*Assignment*: Give back, exactly and with nothing else, the lines running from the one that contains "12.04.2026 - 45." to the end of the entries below; do not include pictures.

··· Dataset extract

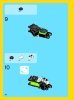 Notice / Instructions de Montage - LEGO - Creator - 31007 - Le super robot: Page 64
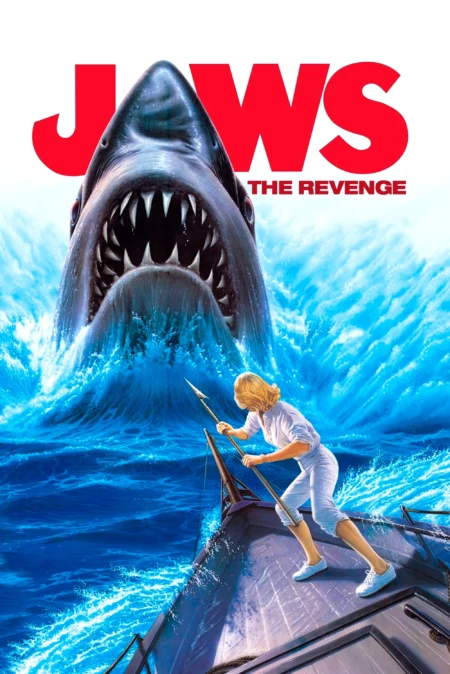 Jaws The Revenge (1987) จอว์ส 4 ล้าง…แค้น - Jaws: The Revenge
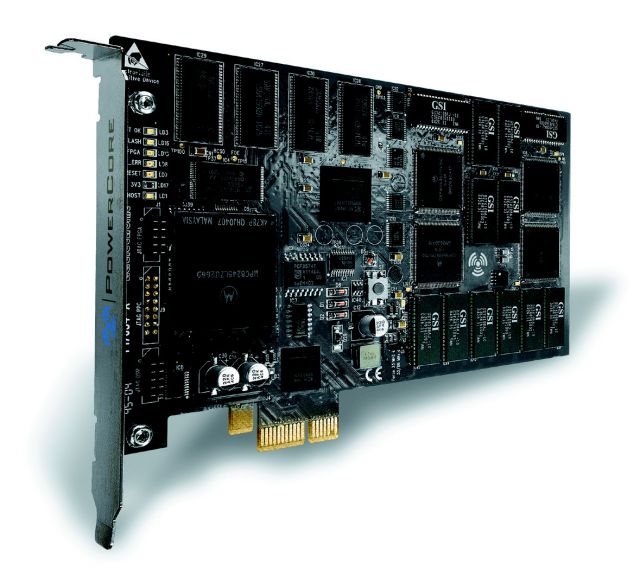 TC Electronic Powercore PCIe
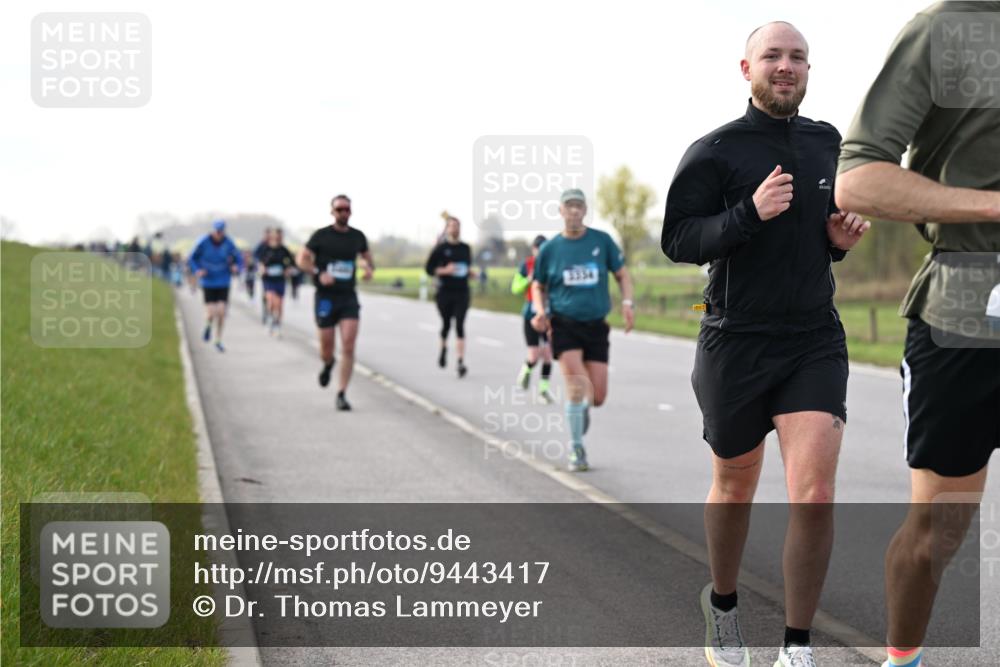 12.04.2026 - 45. Internationalen Wilhelmsburger Insellauf Dr. Thomas Lammeyer http://msf.ph/oto/9443417 12.04.2026 10:15:49 Laufen  meine-sportfotos.de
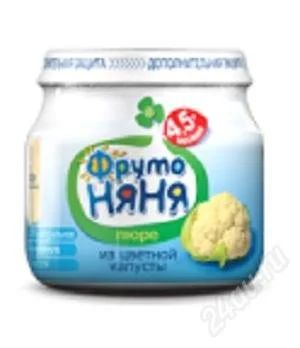 Лот: 2425089. Фото: 1. Детское питание, пюре. Детское питание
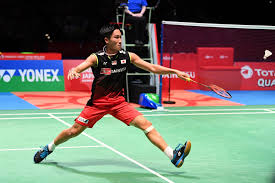 Tokyo (ap) — highlights from rio: Momota Favourite To Retain Bwf World Championship Title In Basel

······

*Output for this task*:
 12.04.2026 - 45. Internationalen Wilhelmsburger Insellauf Dr. Thomas Lammeyer http://msf.ph/oto/9443417 12.04.2026 10:15:49 Laufen  meine-sportfotos.de
 Лот: 2425089. Фото: 1. Детское питание, пюре. Детское питание
 Tokyo (ap) — highlights from rio: Momota Favourite To Retain Bwf World Championship Title In Basel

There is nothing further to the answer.